- _Data records_:
_ _ _ _ _

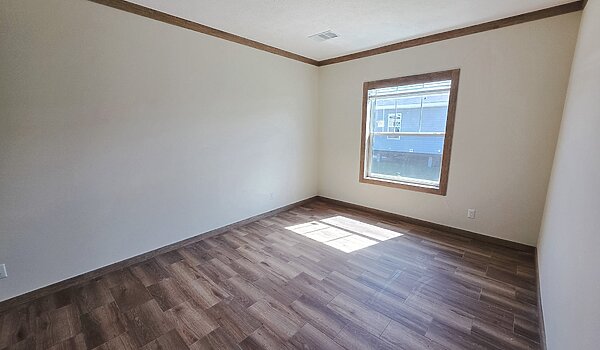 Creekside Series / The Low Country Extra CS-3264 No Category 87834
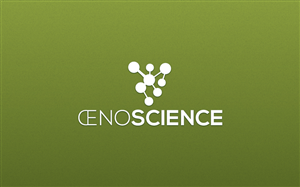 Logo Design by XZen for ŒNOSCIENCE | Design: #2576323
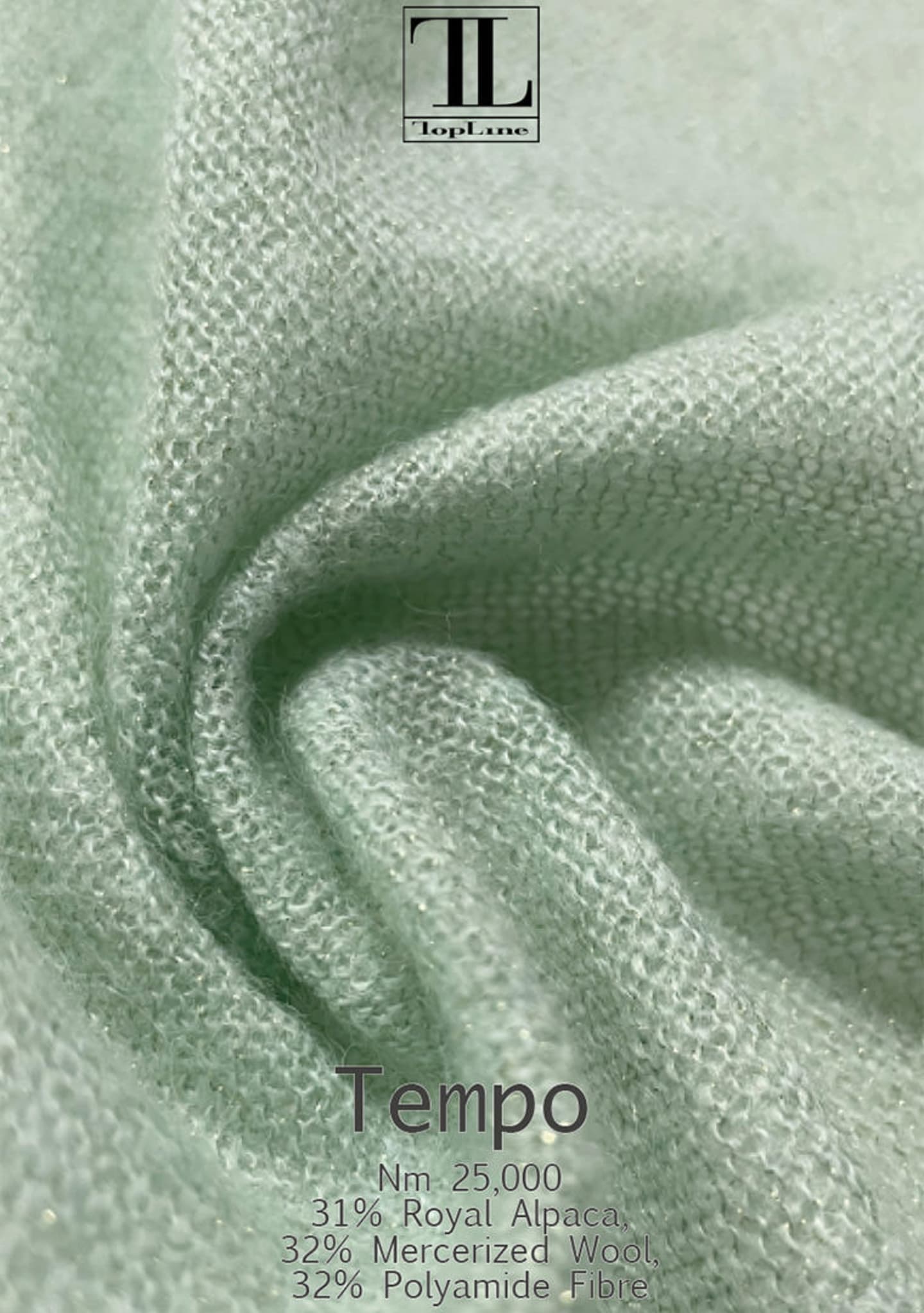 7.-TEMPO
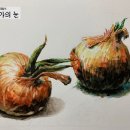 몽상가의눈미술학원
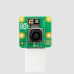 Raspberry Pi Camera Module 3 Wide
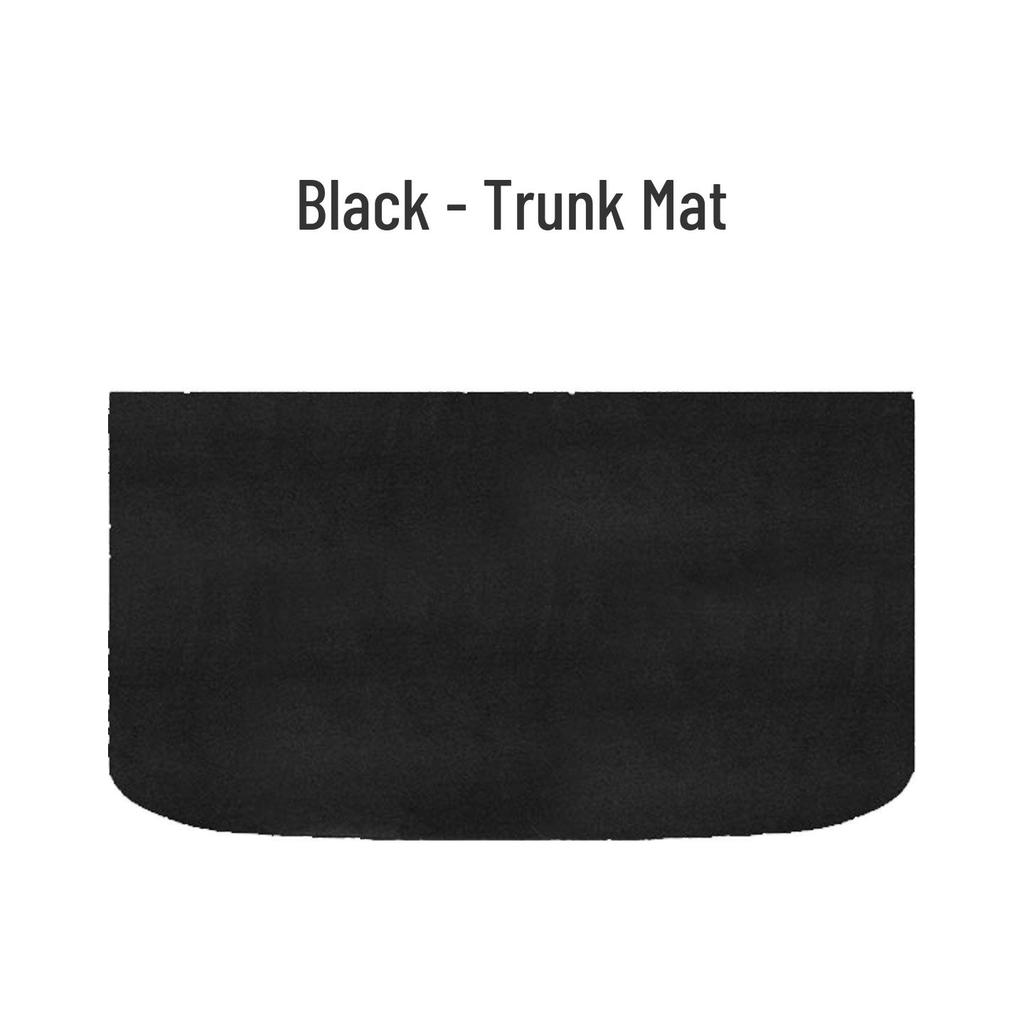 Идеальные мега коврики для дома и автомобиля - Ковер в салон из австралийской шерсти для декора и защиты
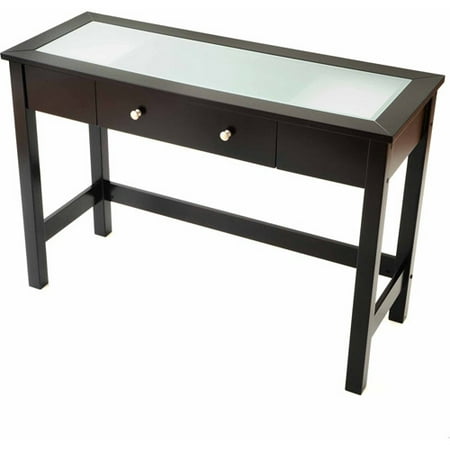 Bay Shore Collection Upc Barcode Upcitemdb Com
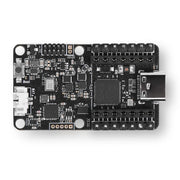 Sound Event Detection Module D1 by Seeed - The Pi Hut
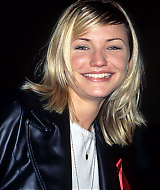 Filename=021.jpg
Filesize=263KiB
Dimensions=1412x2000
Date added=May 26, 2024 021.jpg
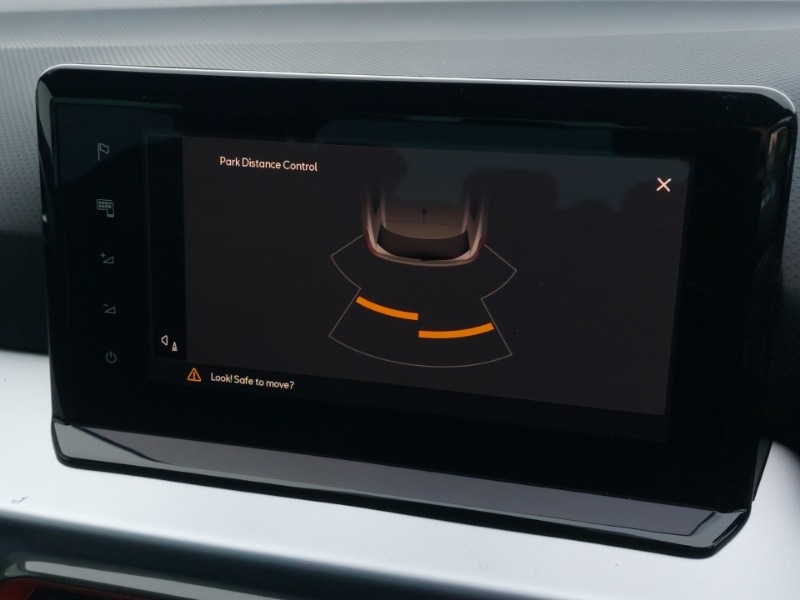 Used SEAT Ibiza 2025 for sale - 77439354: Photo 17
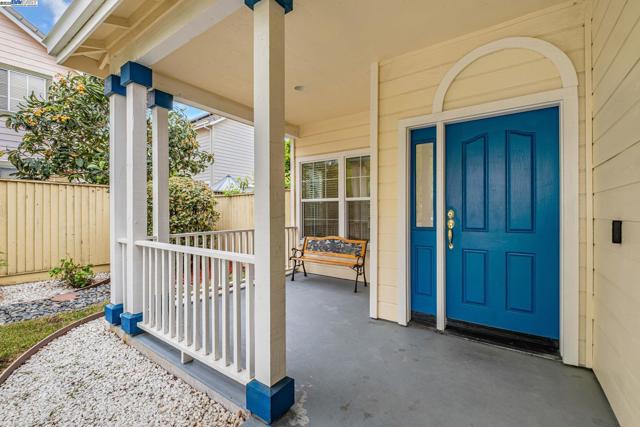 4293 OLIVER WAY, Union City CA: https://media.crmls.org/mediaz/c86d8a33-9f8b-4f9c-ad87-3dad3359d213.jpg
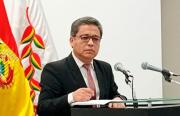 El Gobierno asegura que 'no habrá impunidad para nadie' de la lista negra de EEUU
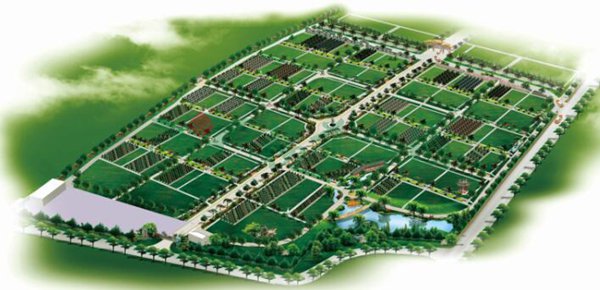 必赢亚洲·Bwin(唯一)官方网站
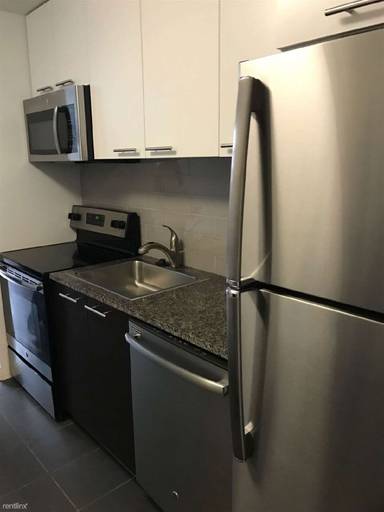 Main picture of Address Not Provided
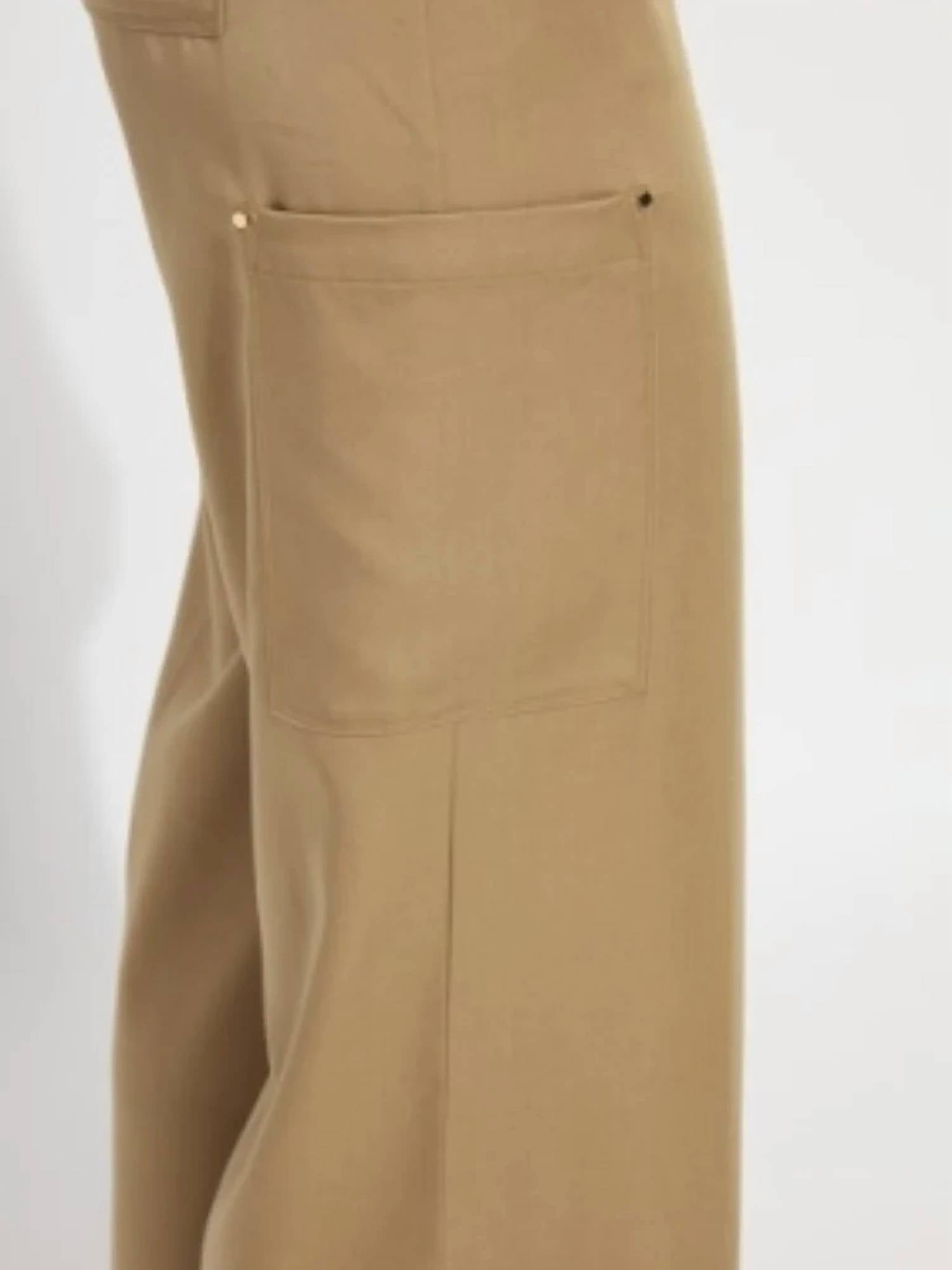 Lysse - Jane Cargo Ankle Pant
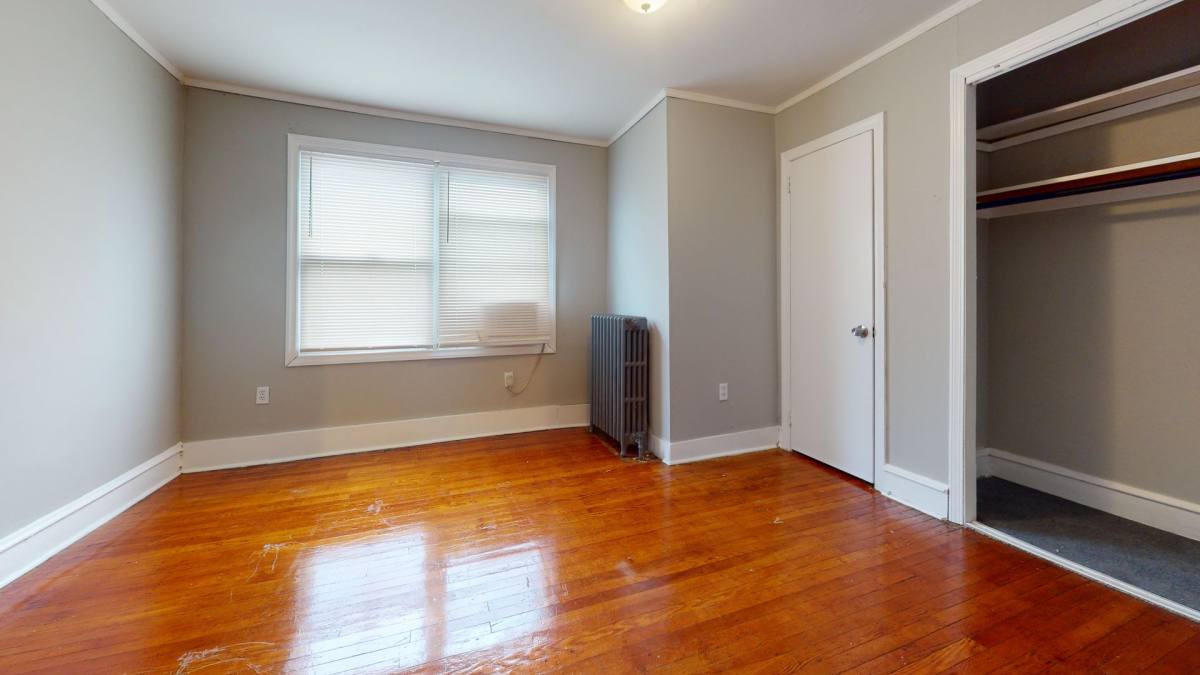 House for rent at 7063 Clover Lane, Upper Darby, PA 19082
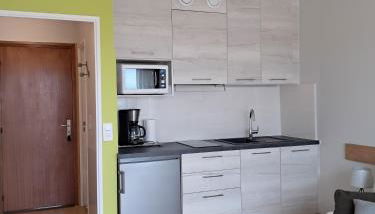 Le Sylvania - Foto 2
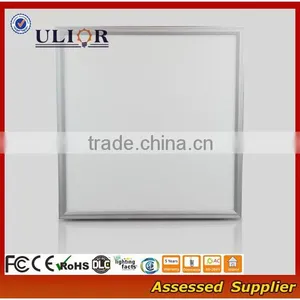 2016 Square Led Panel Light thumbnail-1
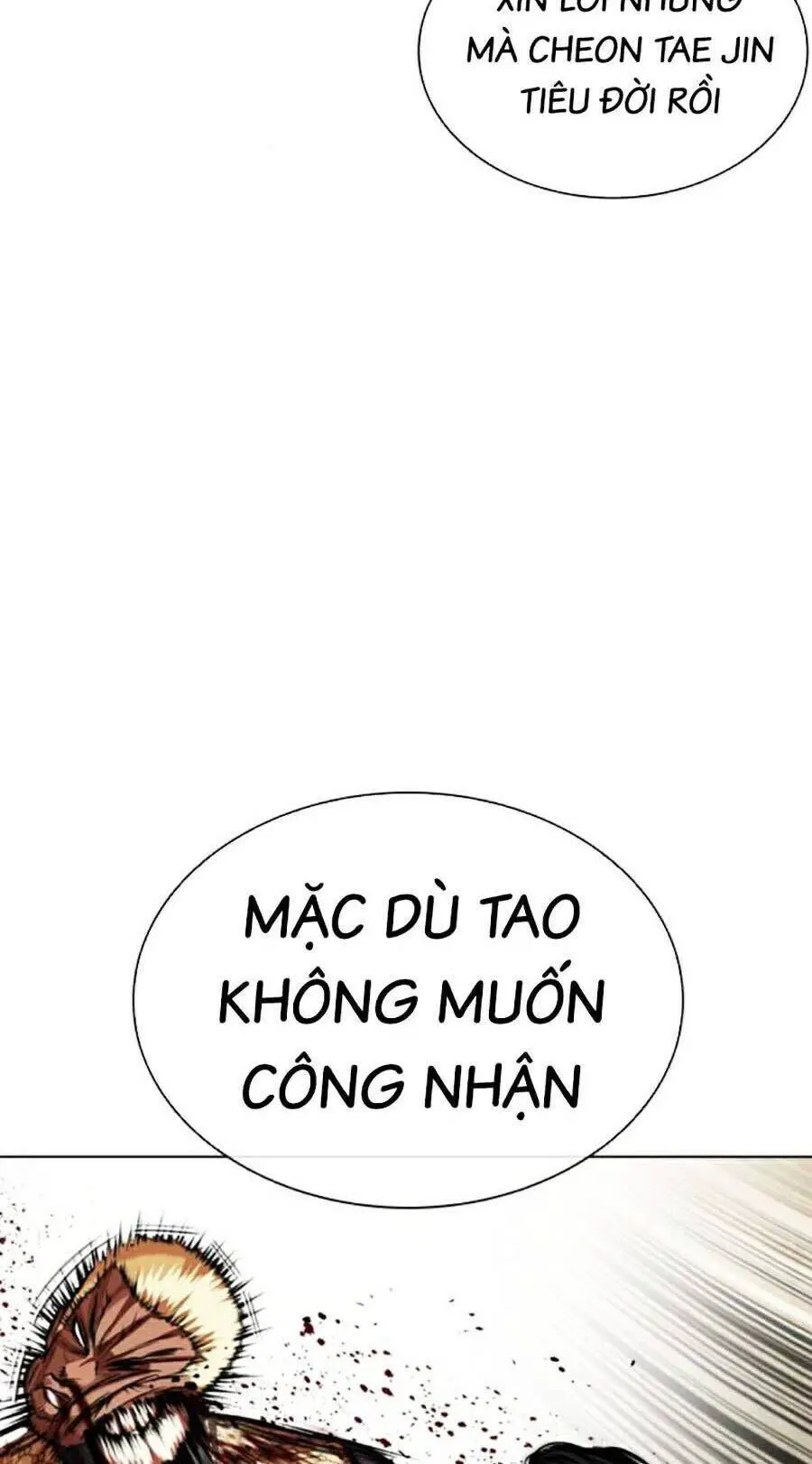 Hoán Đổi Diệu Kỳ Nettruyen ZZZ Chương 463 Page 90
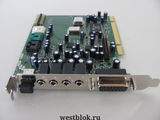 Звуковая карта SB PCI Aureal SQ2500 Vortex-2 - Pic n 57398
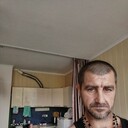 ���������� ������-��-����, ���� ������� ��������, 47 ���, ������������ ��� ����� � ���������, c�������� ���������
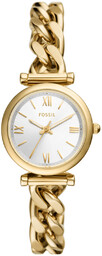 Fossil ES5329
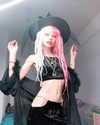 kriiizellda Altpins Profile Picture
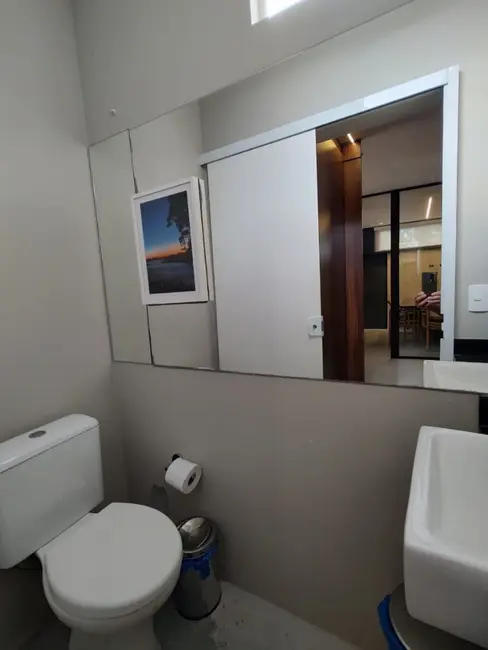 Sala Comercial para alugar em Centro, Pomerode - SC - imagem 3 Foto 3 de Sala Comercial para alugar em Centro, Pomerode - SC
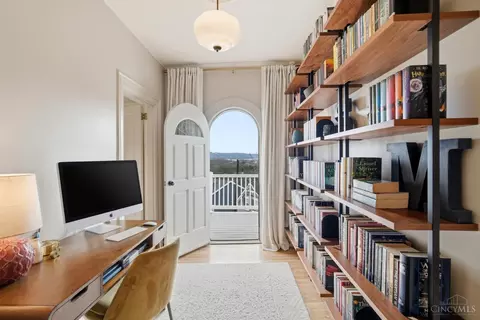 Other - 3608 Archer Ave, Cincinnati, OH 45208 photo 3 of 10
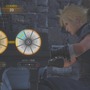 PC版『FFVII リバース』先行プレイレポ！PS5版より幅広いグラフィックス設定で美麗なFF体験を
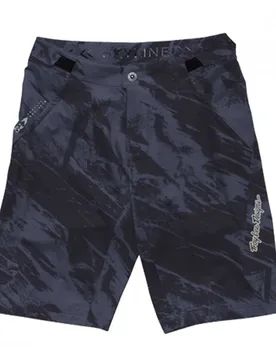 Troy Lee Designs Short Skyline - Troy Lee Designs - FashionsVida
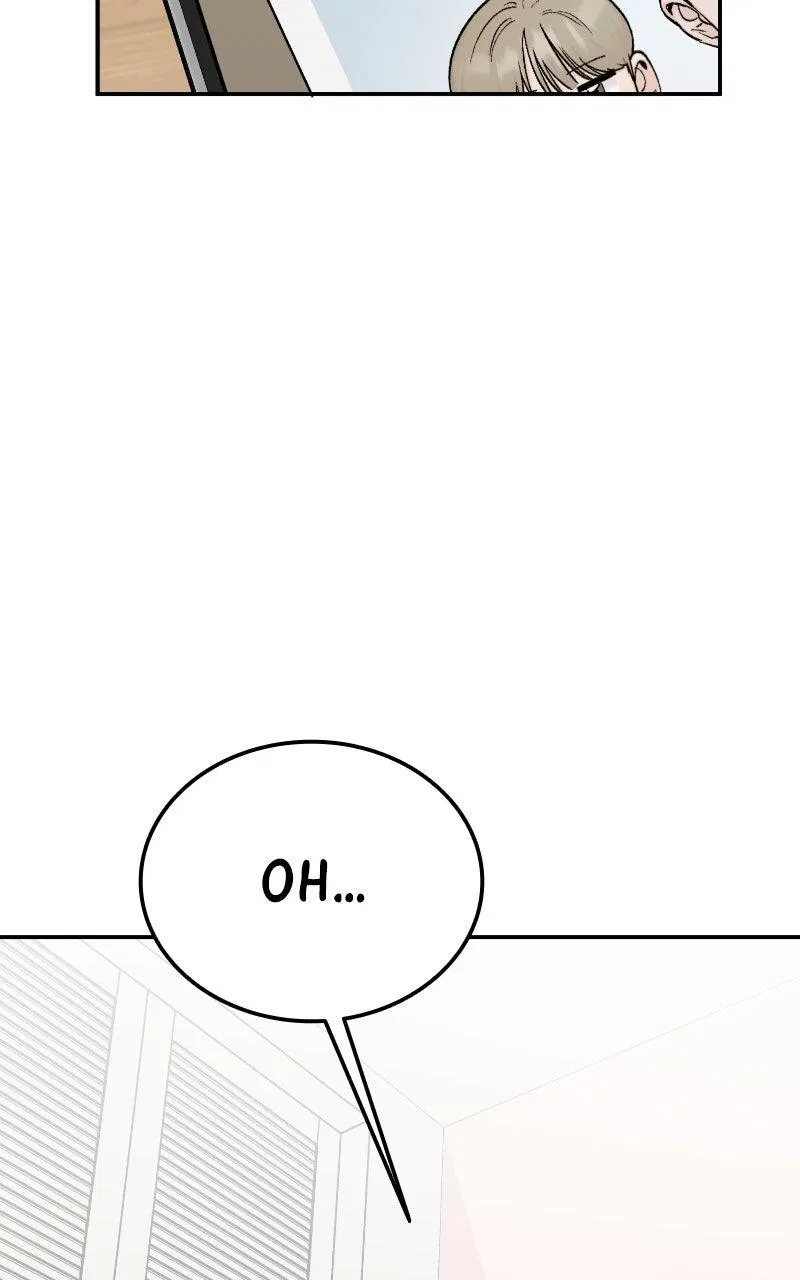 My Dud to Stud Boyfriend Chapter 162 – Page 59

_ _ _ _ _

- _What to do_: Between and including the line with "Bay Shore Collection" and the line with "Main picture of Address Not Provided", repeat every line exactly as it appears above, with pictures left out.

- _Written solution_:
 Bay Shore Collection Upc Barcode Upcitemdb Com
 Sound Event Detection Module D1 by Seeed - The Pi Hut
 Filename=021.jpg
Filesize=263KiB
Dimensions=1412x2000
Date added=May 26, 2024 021.jpg
 Used SEAT Ibiza 2025 for sale - 77439354: Photo 17
 4293 OLIVER WAY, Union City CA: https://media.crmls.org/mediaz/c86d8a33-9f8b-4f9c-ad87-3dad3359d213.jpg
 El Gobierno asegura que 'no habrá impunidad para nadie' de la lista negra de EEUU
 必赢亚洲·Bwin(唯一)官方网站
 Main picture of Address Not Provided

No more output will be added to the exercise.